▶ _What this task involves_:
Begin at the line containing "Man wearing a" in the data below and go on through the line containing "a bedroom with", repeating each line exactly; include both ends and no other line.

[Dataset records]
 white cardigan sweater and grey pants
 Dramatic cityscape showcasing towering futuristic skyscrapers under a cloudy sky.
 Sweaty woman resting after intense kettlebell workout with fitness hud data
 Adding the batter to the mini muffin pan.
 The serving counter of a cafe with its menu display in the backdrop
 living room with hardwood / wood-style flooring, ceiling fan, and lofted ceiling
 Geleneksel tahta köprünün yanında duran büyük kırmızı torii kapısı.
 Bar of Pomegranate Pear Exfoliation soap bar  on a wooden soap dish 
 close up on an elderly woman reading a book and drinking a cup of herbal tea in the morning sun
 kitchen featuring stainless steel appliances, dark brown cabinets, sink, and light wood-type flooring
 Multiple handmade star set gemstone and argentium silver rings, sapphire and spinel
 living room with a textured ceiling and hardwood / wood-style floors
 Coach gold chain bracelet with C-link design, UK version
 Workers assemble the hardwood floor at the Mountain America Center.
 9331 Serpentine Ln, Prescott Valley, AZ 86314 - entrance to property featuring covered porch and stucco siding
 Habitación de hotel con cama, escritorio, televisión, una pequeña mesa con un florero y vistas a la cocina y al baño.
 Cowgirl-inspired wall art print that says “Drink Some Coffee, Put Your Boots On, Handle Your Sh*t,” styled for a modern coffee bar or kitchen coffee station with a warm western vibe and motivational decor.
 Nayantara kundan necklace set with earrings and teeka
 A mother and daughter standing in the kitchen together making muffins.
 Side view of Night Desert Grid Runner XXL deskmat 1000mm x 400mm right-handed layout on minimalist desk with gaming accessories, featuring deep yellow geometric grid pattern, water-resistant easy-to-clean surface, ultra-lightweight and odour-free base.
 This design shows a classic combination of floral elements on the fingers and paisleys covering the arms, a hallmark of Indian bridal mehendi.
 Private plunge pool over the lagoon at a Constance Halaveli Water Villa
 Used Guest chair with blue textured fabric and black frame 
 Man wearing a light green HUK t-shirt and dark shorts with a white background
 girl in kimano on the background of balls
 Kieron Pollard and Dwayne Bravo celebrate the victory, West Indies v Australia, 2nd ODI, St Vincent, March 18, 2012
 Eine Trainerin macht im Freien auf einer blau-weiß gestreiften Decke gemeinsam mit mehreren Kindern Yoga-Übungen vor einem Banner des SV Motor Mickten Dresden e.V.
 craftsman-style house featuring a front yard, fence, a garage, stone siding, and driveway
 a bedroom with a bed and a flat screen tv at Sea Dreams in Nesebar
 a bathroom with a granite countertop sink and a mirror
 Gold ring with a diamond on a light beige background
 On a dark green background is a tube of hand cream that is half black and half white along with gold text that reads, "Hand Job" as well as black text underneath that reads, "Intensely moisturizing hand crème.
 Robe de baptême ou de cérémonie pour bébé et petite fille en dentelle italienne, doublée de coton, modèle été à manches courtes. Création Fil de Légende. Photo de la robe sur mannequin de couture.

▶ _Reply to the exercise_:
 Man wearing a light green HUK t-shirt and dark shorts with a white background
 girl in kimano on the background of balls
 Kieron Pollard and Dwayne Bravo celebrate the victory, West Indies v Australia, 2nd ODI, St Vincent, March 18, 2012
 Eine Trainerin macht im Freien auf einer blau-weiß gestreiften Decke gemeinsam mit mehreren Kindern Yoga-Übungen vor einem Banner des SV Motor Mickten Dresden e.V.
 craftsman-style house featuring a front yard, fence, a garage, stone siding, and driveway
 a bedroom with a bed and a flat screen tv at Sea Dreams in Nesebar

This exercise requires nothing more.